Uma análise simples, física e psicológica, mostra que de fato nós não somos, mas estamos. Nosso corpo é alterado através do tempo em muitos sentidos, inclusive na troca dos átomos: dos que nos compõem hoje, poucos restarão em 15 anos, e, talvez, nenhum em 30 anos. Nossa mente também muda, transforma-se: a cada informação e experiência que acumulamos a forma de analisarmos e reagirmos é redefinida. Analisando o que esperávamos da vida ou algumas reações nossas de 10 anos atrás, verificamos que há divergência com o momento presente. Há um dinamismo implacável na vida.

Isso é percebido inclusive na descrição pessoal. Se alguém quiser conhecer uma pessoa com profundidade, as características físicas pouco serão úteis. Contudo, como ela age e pensa é indispensável. As experiências e atitudes que o indivíduo tomou frente aos problemas, nos momentos mais marcantes da vida dele, definiram a personalidade e os traços que permitem outros conhecê-lo. Um grande amigo(a) é aquele(a) que você conhece bem, ou assim pensa, e cuja atitudes lhe agradam. Conhecer bem uma pessoa raramente é sinônimo de saber quais são suas características físicas.
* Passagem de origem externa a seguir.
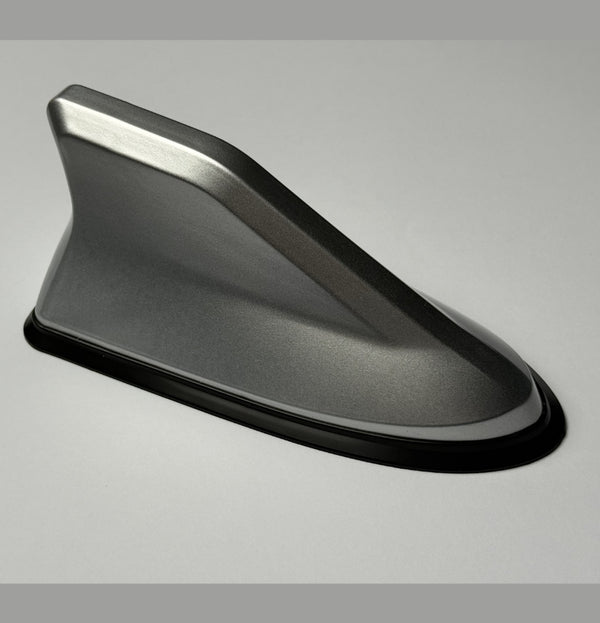 Universal Shark Fin Antenna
Fazendo uma análise no tempo, com raríssimas exceções, os personagens histórico ficaram marcados por seus atos, pelas atitudes que tomaram, ou deixaram de tomar, na condução da vida que abraçaram.

No universo, algo similar acontece. Nosso planeta gira sobre si mesmo e em volta do sol. Os outros planetas do sistema solar também giram ao redor desse. A nossa estrela, assim como muitas outras, gira orbitando o centro de nossa galáxia. A Via Láctea se move no espaço, junto com bilhões de outras galáxias. Existem os aglomerados de galáxias, que também estão em movimento. O próprio tecido do espaço-tempo é dinâmico e está em expansão acelerada, segundo modernas observações.
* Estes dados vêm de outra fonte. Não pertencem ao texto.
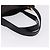 Céline CELINE Macadam Canvas Tote Bag PVC Leather Black Gold - vista 7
Para contarmos a história do nosso universo, definir posições e aparência de astros celestes não é suficiente. Tem-se que apresentar os eventos, os movimentos dos astros, as explosões e implosões que iluminam o céu. Retratar a riqueza do dinamismo desde o Big Bang é fundamental na descrição de um universo que tem como constância a eterna mudança.

Posto assim, cito com admiração os hebreus, pois, há milênios, sabiam que não “somos” e sim “estamos”. O imutável, perfeito, é atributo de Deus, não do universo que interagimos.

Eventos e dinamismos são tão importantes em nosso universo que vemos e interpretamos segundo aquilo que vivenciamos. Esta dedução não é aplicável somente ao caráter psicológico, como análise segundo os valores que adquirimos na vida. Espaço, tempo, massa, de acordo com a teoria da relatividade e experiências correlacionadas a essa, dependem do observador e sua relação, em termos de movimento e aceleração, com o que está sendo observado. Para dois observadores com movimento relativo entre si, eventos simultâneos para um pode não o ser para o outro.


Na física quântica, o comportamento de um experimento pode variar como partícula ou onda conforme se observa o mesmo. A maneira que se escolhe fazer a medição é decidida pelo cientista.

Em resumo, pode-se dizer que os eventos, as correlações e as interações, são fundamentais para descrever a nós e o universo físico. Além disso, é a mudança de relação daquilo que descreve o espaço, ou seja, da matéria e energia, que origina o tempo.